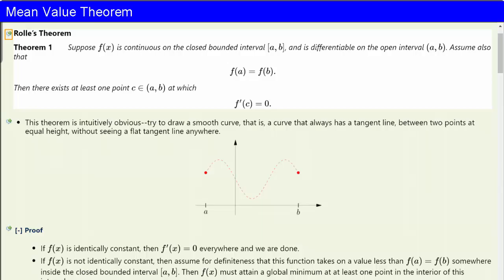We can now develop a powerful theoretical tool known as the mean value theorem. First, a simplified version of this theorem known as Rolle's theorem. The French mathematician Michel Rolle, who lived from 1652 to 1719, was a brilliant algebrist and geometer who was awarded a lifetime pension for his accomplishments.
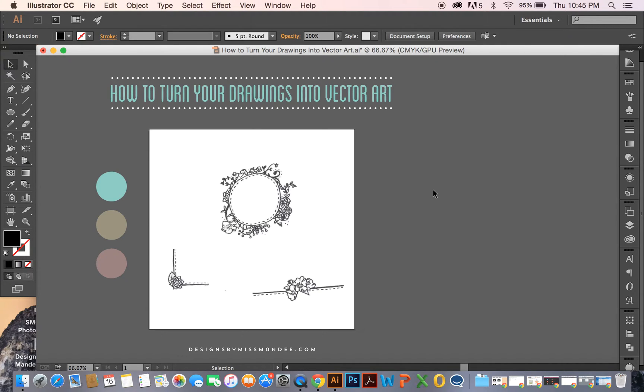Hi, Mandy from Designs by Miss Mandy here, and I'm going to show you how to turn your drawings into vector art.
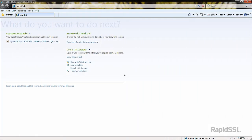Welcome to RapidSSL's video tutorials. Today we'll be demonstrating how to reissue an SSL certificate.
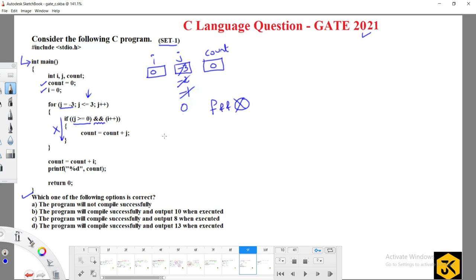Now j=0: 0 less than or equal to 3 — yes; 0 greater than or equal to 0 — yes, condition is true. When this AND condition is true, the other part is executed. There is a parenthesis here — there is a difference between without parentheses and with parentheses. Since there is a parenthesis, i is incremented by 1.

WORK TASK: What is needed is the listing above, repeated verbatim, without its images.

TASK SOLUTION:
We can now develop a powerful theoretical tool known as the mean value theorem. First, a simplified version of this theorem known as Rolle's theorem. The French mathematician Michel Rolle, who lived from 1652 to 1719, was a brilliant algebrist and geometer who was awarded a lifetime pension for his accomplishments.
Hi, Mandy from Designs by Miss Mandy here, and I'm going to show you how to turn your drawings into vector art.
Welcome to RapidSSL's video tutorials. Today we'll be demonstrating how to reissue an SSL certificate.
Now j=0: 0 less than or equal to 3 — yes; 0 greater than or equal to 0 — yes, condition is true. When this AND condition is true, the other part is executed. There is a parenthesis here — there is a difference between without parentheses and with parentheses. Since there is a parenthesis, i is incremented by 1.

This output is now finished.